« Il dit : “Maman, sauve-moi, ne me tue pas, ne me tue pas !” » La voix venait de nouveau de derrière Zhang Lei. Bien sûr, sa traduction n'était pas bien intentionnée ; il cherchait à accentuer la pression psychologique sur Zhang Lei.
Ils espéraient que Zhang Lei se retournerait et s'enfuirait en pleurant et en criant
: «
Je ne veux pas, je ne veux pas
!
» ou qu'il feindre l'indifférence et partirait. Au moins, ces vieux briscards ne se laisseraient pas berner par sa fausse indifférence
; ils se moqueraient de lui.
« Oh ! » Zhang Lei esquiva l'éclaboussure d'eau projetée par les deux jambes et, en un éclair, il se retrouva derrière le petit garçon. Zhang Lei n'appartenait pas à l'« Association des oncles nord-américains amoureux des petits garçons ». À ce moment-là, il venait tout juste d'échapper à la condition de petit garçon. S'ils avaient laissé une jolie petite fille, Zhang Lei aurait peut-être hésité. Quant à ça ?

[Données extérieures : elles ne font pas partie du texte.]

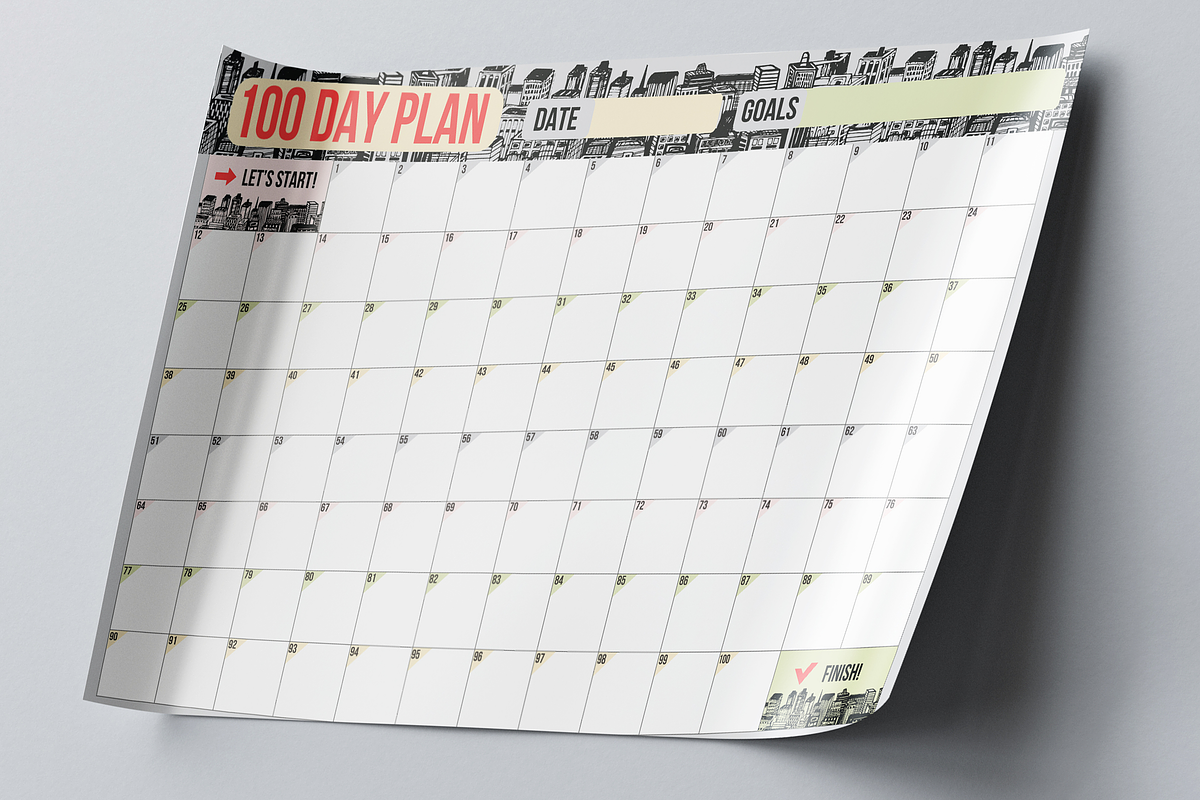 100 Day Challenge Habit Goal Planner, a Templates & Theme by IRSYART (Photo 7 of 9)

« C’est comme ça que tu fais d’habitude ? » Zhang Lei tenait la tête du garçon de haut en bas avec ses deux mains et la tournait doucement.
Peut-être parce que c'était la première fois qu'il tuait quelqu'un de cette façon, Zhang Lei ne maîtrisait pas bien sa force. La tête du petit garçon était tournée à 180 degrés, ses yeux exorbités fixant Zhang Lei. Son visage était empreint de peur et d'incrédulité. Il pensait sans doute lui-même qu'un enfant aussi innocent et adorable ne méritait pas de mourir ainsi.
...
Je vais jouer dehors, je mettrai bientôt un chapitre à jour.
Épisode 3
: Le chemin sanglant vers l’âge adulte, Chapitre 46
: Le siège (Partie 2)
Zhang Lei se couvrit les yeux de la tête aux pieds, saisi d'une étrange panique. Peut-être était-ce parce qu'il n'avait jamais été aussi près des yeux de la personne qu'il avait tuée.

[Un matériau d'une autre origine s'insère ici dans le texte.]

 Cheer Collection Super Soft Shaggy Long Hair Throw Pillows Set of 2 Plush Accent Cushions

Bien que Zhang Lei soit sorti comme si de rien n'était, il savait que même une fois dans la voiture, ces yeux exorbités, semblables à ceux d'un poisson mort, semblaient encore le fixer.
« Me prendre la vie ? Bon sang ! Je n'ai pas peur des vivants, pourquoi aurais-je peur des morts ? S'ils se présentent à nouveau devant moi, je les tuerai tous ! » marmonnait Zhang Lei pour lui-même.
Les vétérans observèrent Zhang Lei et échangèrent des regards satisfaits. Ils avaient failli se faire avoir par lui plus tôt dans la cave. À en juger par son air distrait, le gamin avait simplement refoulé sa peur jusqu'au moment de passer à l'attaque. Mais à vrai dire, c'était déjà pas mal. Sans parler du fait qu'eux-mêmes, même lors de leur premier entraînement similaire, n'auraient sans doute pas fait mieux.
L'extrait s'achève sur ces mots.